Les deux taxes affectées devraient représenter en moyenne dans les années à venir, d'après le contrat d'objectifs et de performance (COP) 2024-2028, les deux tiers des ressources du CNM :

ü la taxe sur les spectacles de musiques actuelles et de variétés, qui représente 3,5 % du prix du billet. Les fonds collectés par cette taxe sont redistribués aux acteurs de la filière selon une clé de répartition héritée de l'ancien CNV : 65 % sous la forme de droit de tirage pour contribuer, dans un délai de trois ans, à la production d'un nouveau spectacle, ce qui assure au redevable, sous réserve d'être affilié au CNM, de récupérer 65 % des sommes qu'il a versées au titre de la taxe ; 35 % en aides sélectives, destinées au financement des programmes et actions de soutien aux spectacles de chanson, de variétés et de jazz ;

ü la taxe sur l'écoute en ligne, dite taxe « streaming », assise sur la consommation de musique par abonnement ou financée par la publicité, créée par un amendement conjoint des commissions de la culture et des finances du Sénat à l'article 53 de la LFI 2024.

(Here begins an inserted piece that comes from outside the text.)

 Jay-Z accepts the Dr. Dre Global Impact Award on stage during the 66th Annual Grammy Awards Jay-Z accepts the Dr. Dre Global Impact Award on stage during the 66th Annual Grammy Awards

Des difficultés de collecte de la taxe streaming en voie de résorption

La taxe streaming a initialement été très mal reçue par les plateformes. Spotify a ainsi publiquement annoncé des désinvestissements en France. Le rendement de cette nouvelle ressource a été de 10,3 M€ en première année, très en deçà de la prévision établie par le CNM à 15 M€ et inscrite dans son budget initial pour 2024. Ce retard s'explique à la fois par une mise en oeuvre progressive du dispositif, un décalage temporel lié à la perception par la Direction générale des Finances publiques (DGFiP), et par la réticence de certains redevables à s'acquitter de cette nouvelle charge.

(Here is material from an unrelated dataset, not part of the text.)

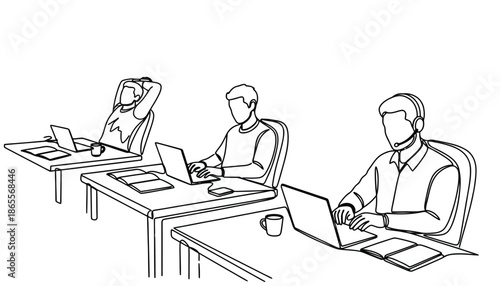 Men working on laptops in modern office setting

Certains d'entre eux ont ainsi choisi d'attendre la publication de l'instruction fiscale par le ministère de l'économie et des finances. Sa publication par la direction de la législation fiscale fin décembre 2024 a donné lieu à un versement en fin d'année de 3 M€ à la DGFiP, lesquels n'ont été versés au CNM et comptabilisés qu'en 2025 pour des questions de calendrier d'exercice budgétaire. En tenant compte de ce versement de fin d'année, le rendement effectif de la taxe était de 13,3 M€ en 2024, ce qui reste inférieur aux prévisions initiales, traduisant a priori le non-respect par certains redevables de leurs obligations déclaratives.

Afin d'améliorer le rendement de la taxe streaming, la LFI 2025 a modifié l'article L163 A du livre des procédures fiscales en instaurant un droit de communication des données de l'administration fiscale relative à la taxe streaming au profit exclusif du CNM. Depuis l'entrée en vigueur de ce droit de communication, les services de l'administration fiscale et le CNM ont des échanges réguliers afin d'identifier, sur la base des données de collecte dont disposent les services fiscaux, les redevables qui ne s'acquittent toujours pas de leurs obligations.

Pour l'année 2025, le CNM a ainsi intégré une prévision prudente de rendement de la taxe streaming en inscrivant un montant de 13 M€ de recettes correspondant à cette ressource dans son budget initial pour 2025. Le rendement très dynamique de cette ressource laisse toutefois présager que le montant prévisionnel sera très largement dépassé en 2025. Le CNM projette un dépassement dès 2026 du plafond fixé à 18 M€.

Ces deux taxes sont plafonnées, le rendement au-delà du plafond étant reversé à l'État : le plafond de la taxe sur les spectacles était fixé depuis 2016 à 50 M€, rehaussé en 2025 à 53 M€, tandis que le plafond de la taxe streaming est fixé à 18 M€. Le rendement de ces taxes en 2025 devrait légèrement dépasser ces plafonds.


* 1 Loi n° 2019-110 du 30 octobre 2019 relative à la création du Centre national de la musique.